If checksums are enabled, we are already emitting FPIs for the VM when
*setting* bits in the VM (c.f. log_heap_visible()). I don't see why the story
for clearing it should be different.  And because there are so few VM pages
compared to heap pages, I wouldn't expect there to be a meaningful amount of
VM FPIs outside of very contrived workloads.


> On Thu, 5 Mar 2026 at 21:16, Andres Freund <andres@anarazel.de> wrote:
> >
> > But it does seem like it could be a problem for incremental backup /
> > walsummarizer?
> 
> I don't think it is, because that doesn't do calculations for non-main
> forks, it considers those forks always changed and includes them in
> full. Or at least, that was the response I got when I raised concerns
> about the FSM back when the incremental backup feature was being
> developed [0].

There's explicit code for ignoring the FSM, but I don't see the same for the
VM. And that makes sense: VM changes are mostly WAL logged, just not
completely / generically (i.e. this complaint), whereas FSM changes are not
WAL logged at all.

Greetings,

Andres Freund



Re: Why clearing the VM doesn't require registering vm buffer in wal record

От
Andres Freund
Дата:
Hi,

On 2026-03-05 15:38:24 -0500, Andres Freund wrote:
> > On Thu, 5 Mar 2026 at 21:16, Andres Freund <andres@anarazel.de> wrote:
> > >
> > > But it does seem like it could be a problem for incremental backup /
> > > walsummarizer?
> >
> > I don't think it is, because that doesn't do calculations for non-main
> > forks, it considers those forks always changed and includes them in
> > full. Or at least, that was the response I got when I raised concerns
> > about the FSM back when the incremental backup feature was being
> > developed [0].
>
> There's explicit code for ignoring the FSM, but I don't see the same for the
> VM. And that makes sense: VM changes are mostly WAL logged, just not
> completely / generically (i.e. this complaint), whereas FSM changes are not
> WAL logged at all.

Unfortunately I can confirm that incremental backups end up with an outdated
VM.

An unfortunate kicker: It looks like verify_heapam() doesn't even notice :(.

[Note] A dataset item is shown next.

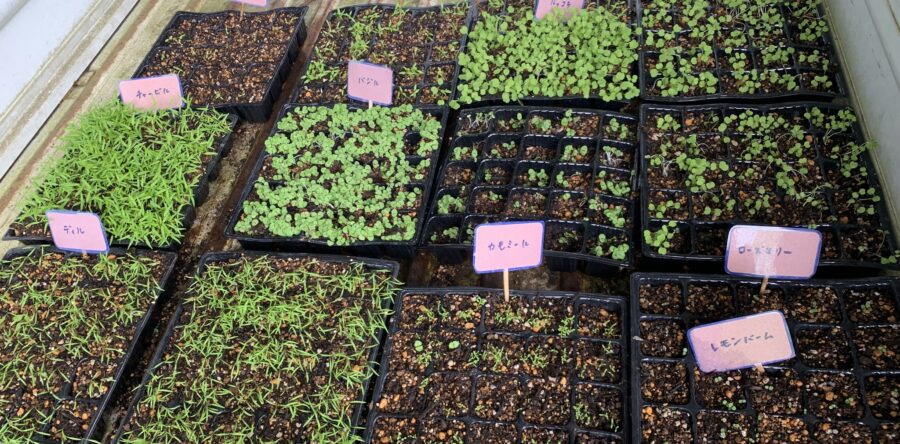 〜ハーブガーデン制作日記2🌿〜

But the next vacuum does complain, if we end up processing the page for some
reason:

2026-03-05 15:56:23.018 EST [2073843][client backend][0/5:0][psql] WARNING:  page is not marked all-visible but
visibilitymap bit is set in relation "s" page 0
 
2026-03-05 15:56:23.018 EST [2073843][client backend][0/5:0][psql] CONTEXT:  while scanning block 0 of relation
"public.s"


Repro:

1) CREATE TABLE s(id int); INSERT INTO s DEFAULT VALUES; SELECT pg_current_wal_insert_lsn(); VACUUM s;
2) create full base backup
   rm -rf /tmp/backup-a && mkdir /tmp/backup-a && ./src/bin/pg_basebackup/pg_basebackup -c fast -D /tmp/backup-a

3) UPDATE s SET id = -id;
4) create incremental backup
   rm -rf /tmp/backup-a-i && mkdir /tmp/backup-a-i && ./src/bin/pg_basebackup/pg_basebackup
--incremental=/tmp/backup-a/backup_manifest-c fast -D /tmp/backup-a-i
 

5) combine full and incremental backup
   rm -rf /tmp/backup-a-i-c && mkdir /tmp/backup-a-i-c && ./src/bin/pg_combinebackup/pg_combinebackup -d -o
/tmp/backup-a-i-c--copy-file-range /tmp/backup-a /tmp/backup-a-i/
 

6) start PG on combined backup and use
   SELECT * FROM pg_visibility_map_summary('s');
   to see things are wrong

7) vacuum and see it complain (page is processed because we always look at the
   last page, and there's just one)


Greetings,

Andres Freund



Re: Why clearing the VM doesn't require registering vm buffer in wal record

От
Robert Haas
Дата:
On Thu, Mar 5, 2026 at 3:38 PM Andres Freund <andres@anarazel.de> wrote:
> If checksums are enabled, we are already emitting FPIs for the VM when
> *setting* bits in the VM (c.f. log_heap_visible()). I don't see why the story
> for clearing it should be different.  And because there are so few VM pages
> compared to heap pages, I wouldn't expect there to be a meaningful amount of
> VM FPIs outside of very contrived workloads.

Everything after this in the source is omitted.